VERDIGRIS / AMBERGRIS by Paul Graham [SIGNED]
イギリス人フォトグラファー、ポール・グラハム(Paul Graham)の作品集。本書は、命の儚さや死すべき運命に対し、作者が12年かけて向き合い制作し続けた作品群を完結させ、すべて2冊の本に収めたものである。「ベルディグリ(緑青 / Verdigris)」の大陸と「アンバーグリス(龍涎香 / Ambergris)」の海を見渡し、果てしなく広がる水平線へと目を向ける人々を中心に据えた、対となる兄弟のような2冊である。瞑想的なポートレイトと交互に、第一巻では桜のイメージ群を、第二巻では沈む太陽のイメージ群を並べている。桜は、作者が過去7年間にわたって拠点としているニュージャージー州の脱工業化地帯を見下ろす公園で撮影され、落陽は、日の入りを眺める古い伝統を持つロング・アイランド島の北岸沿いで撮られたものである。
作者は自然の美しさの典型とも言えるものとその観察者を取り上げ、我々がいかにして世界の美しさを目のあたりにし、経験するか、多層的に分析をしている。水平線を見つめる人々のポートレートはマジックアワーの明澄感と共に撮られているが、その間に挟み込まれる桜や日没は、制作プロセスを通してイメージを改悪している。「ベルディグリ」の桜は微妙に推移させた複数の細かな露光を用い、超高解像度に設定したデジタルカメラで捉えた。しかしその写りは、そよ風のささやかな動きに乱され、まとまった表現を組み立てられずにいる。一方で、「アンバーグリス」の再度の高い夕暮れは、近しい画素数から近似値の色を採るのではなく、各画素位置で色彩情報を拾うカメラが用いられている。限界を超えて撮影されたイメージは、圧倒的な情報量の力で人工的な芸術の色彩に染まる。
この眩惑的なシリーズをもって、作者は道具の持つ欠点を享受し、命の無常さ、それにより余り溢れる驚嘆、そして美に容赦なくつきまとう劣化と終焉を呼び起こさせる。

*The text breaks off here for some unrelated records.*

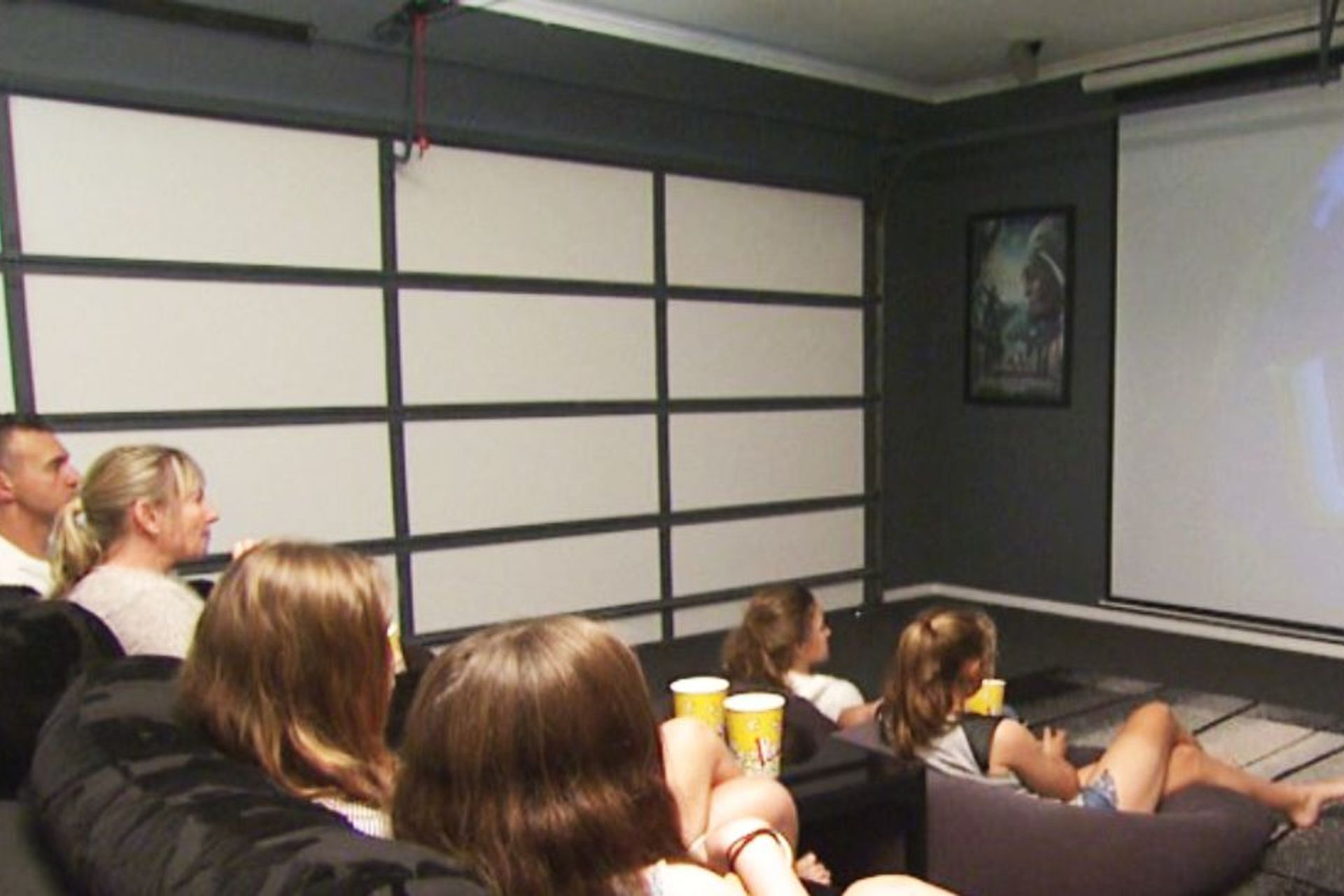 Insulated vs Uninsulated Garage Doors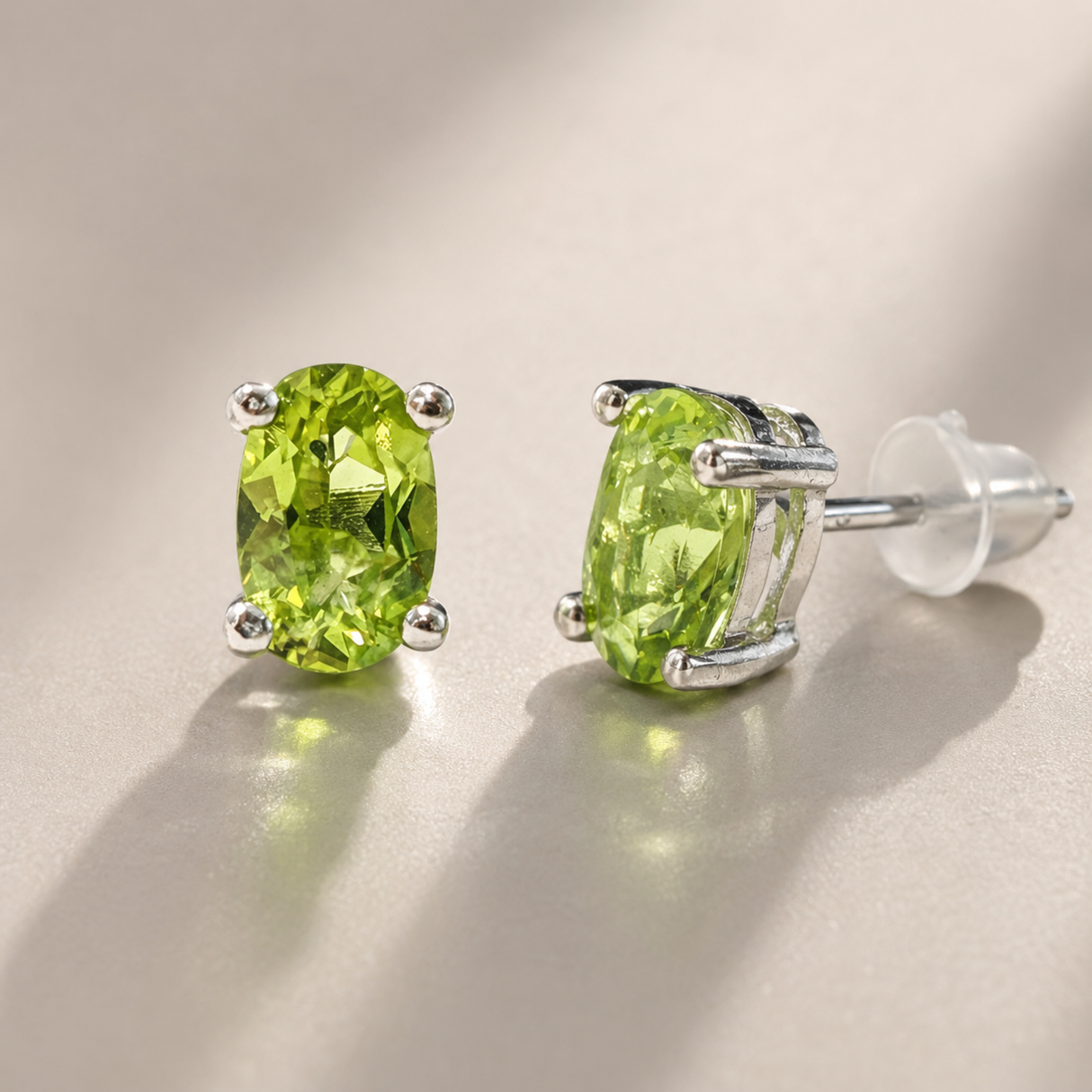 Minimalistiniai peridoto auskarai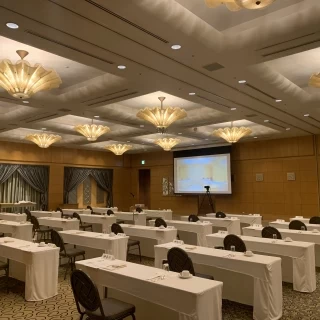 中くらいの披露宴会場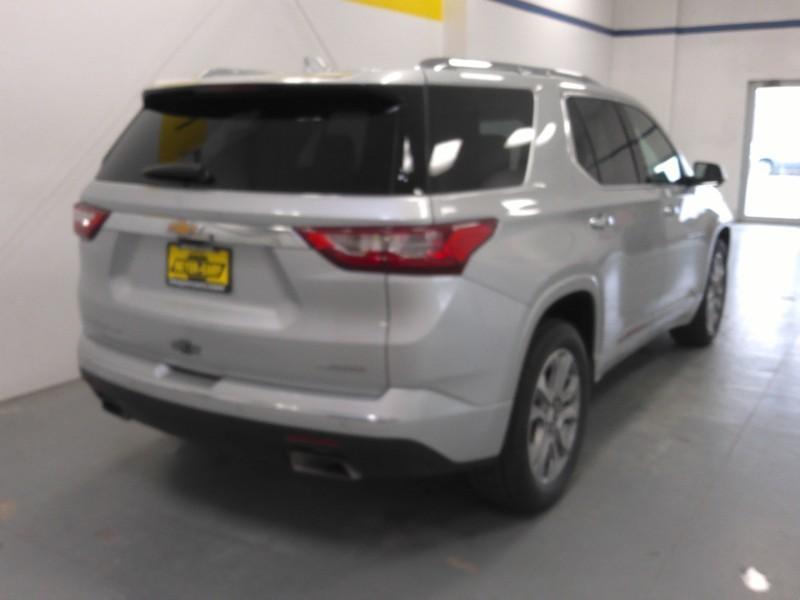 used 2021 Chevrolet Traverse car, priced at $32,995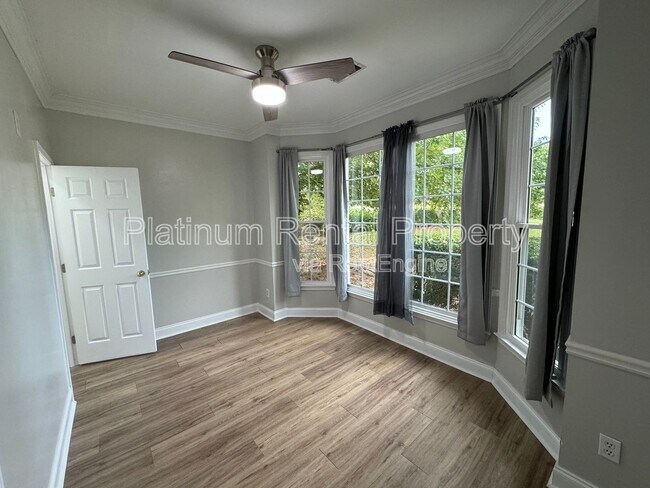 Building Photo - 1702 Stonegate Way SW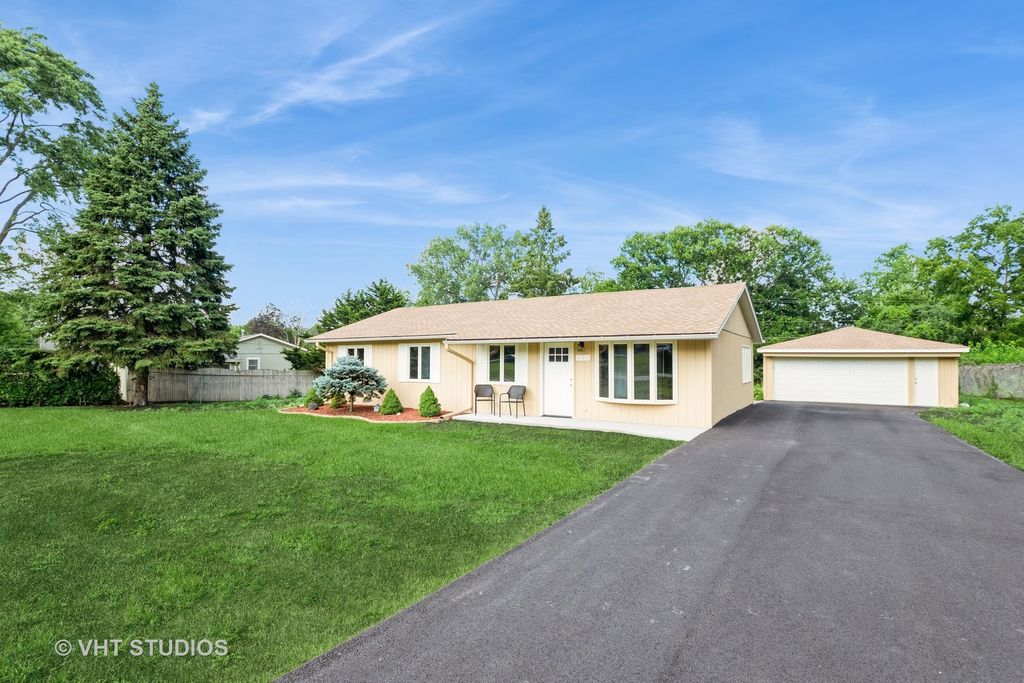 16151 Laurel Drive, Orland Park, IL 60462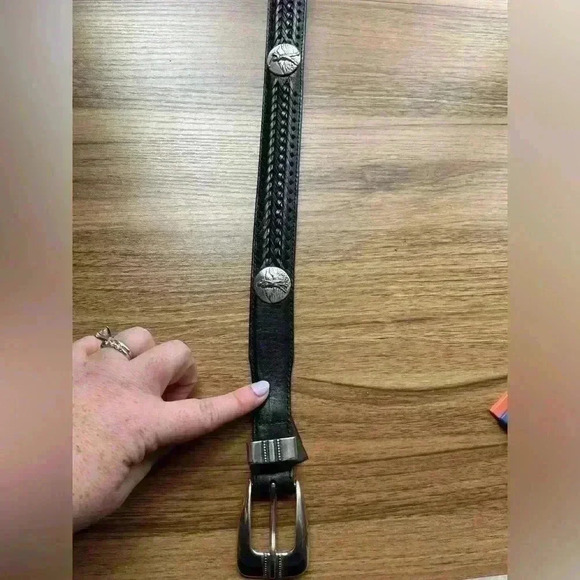 Brighton Onyx Two-Tone Leather Belt Size 44 Golf Theme - Picture 2 of 8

(「緑青(ベルディグリ)」は、酸化銅の青錆あり、「自由の女神像(Statue of Liberty)」に見られるものと同じものである。「龍涎香(アンバーグリス)」は鯨から採れる希少かつ神秘的な産物であり、海岸の漂着物コレクターに好まれ、香水製造者からは大変貴重なものとされている。)